But Altnether pushed onward. He lists off a litany of tedious grunt work he would do, from chopping, washing, cleaning the walk-in, and more. “You have to start at the bottom,” he says. “I just wanted a chance. If you work hard, everyone else is going to see it.”

It paid off. One night, a line cook got sick and had to go home, so Altnether wound up taking over the station for the evening. “After that, I just kept moving up.” He was assigned to prepare salads and cold appetizers, then hot appetizers, then meat. Within a year, he became the Sous-chef of Niche, and eventually the Chef de Cuisine, which allowed him to create the menu, together with Craft.

Craft himself worked his way up in a similar fashion. In a May 2013 article from STL Today, he says, “’I was washing dishes at night and cars in the morning,’…‘I got very lucky because they let me cook at the place where I was washing dishes. After that, I moved on to work with the best chefs I could find.’”

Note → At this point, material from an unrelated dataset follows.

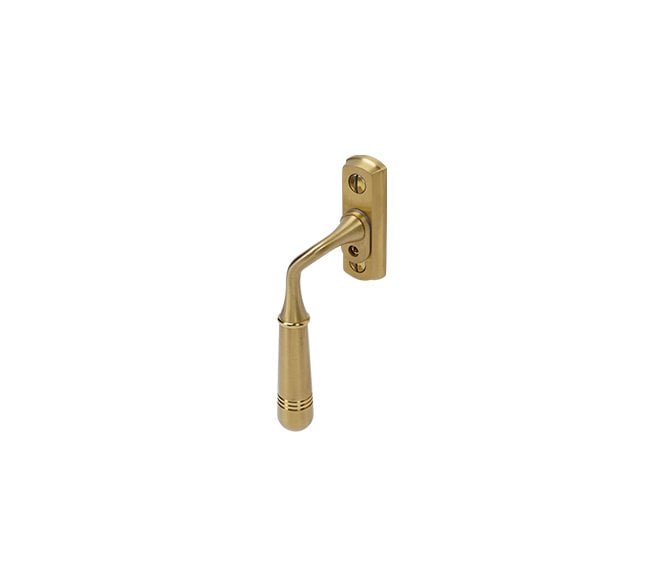 Coastal BLU Opera Window Espag. Handle (Lockable) 316 Stainless Steel - PVD Satin Brass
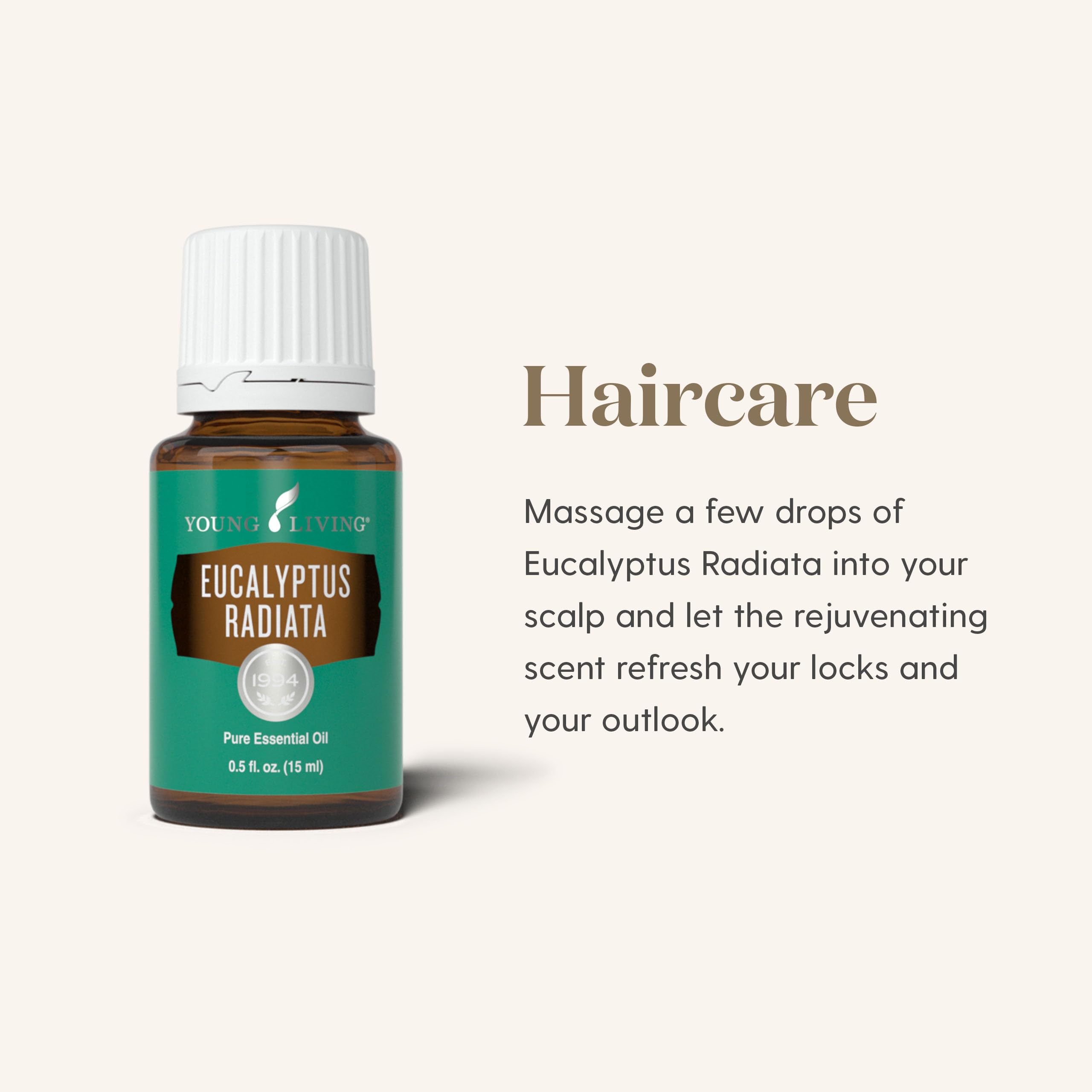Young Living Eucalyptus Radiata room spray bottle for refreshing, vital spaces.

Perhaps it’s part of the personality type that is successful in the restaurant industry, but Altnether’s discipline and work ethic in place of conceit, particularly for someone who has achieved that kind of success at such a young age, is unexpected. His multiple families must keep him grounded. I can’t find a shred of arrogance, conscious or subconscious, even if I look really hard for it. “I think that everyone works just as hard as I do…it’s a huge team effort around here.”

Although he might not have known it at the time, Altnether was clearly meant to be here, in St. Louis, working with Craft. But the relationship that initially pulled him back to his home town has since ended. “That union is no longer together. But that’s definitely what brought me back.” He was ready to turn down a job offer in New York, unapologetically willing to commit, and make sacrifices for someone else. But trusting someone sincere is often times a foreign realm. When Altnether says his father and Craft taught him not to half-ass anything, he means it.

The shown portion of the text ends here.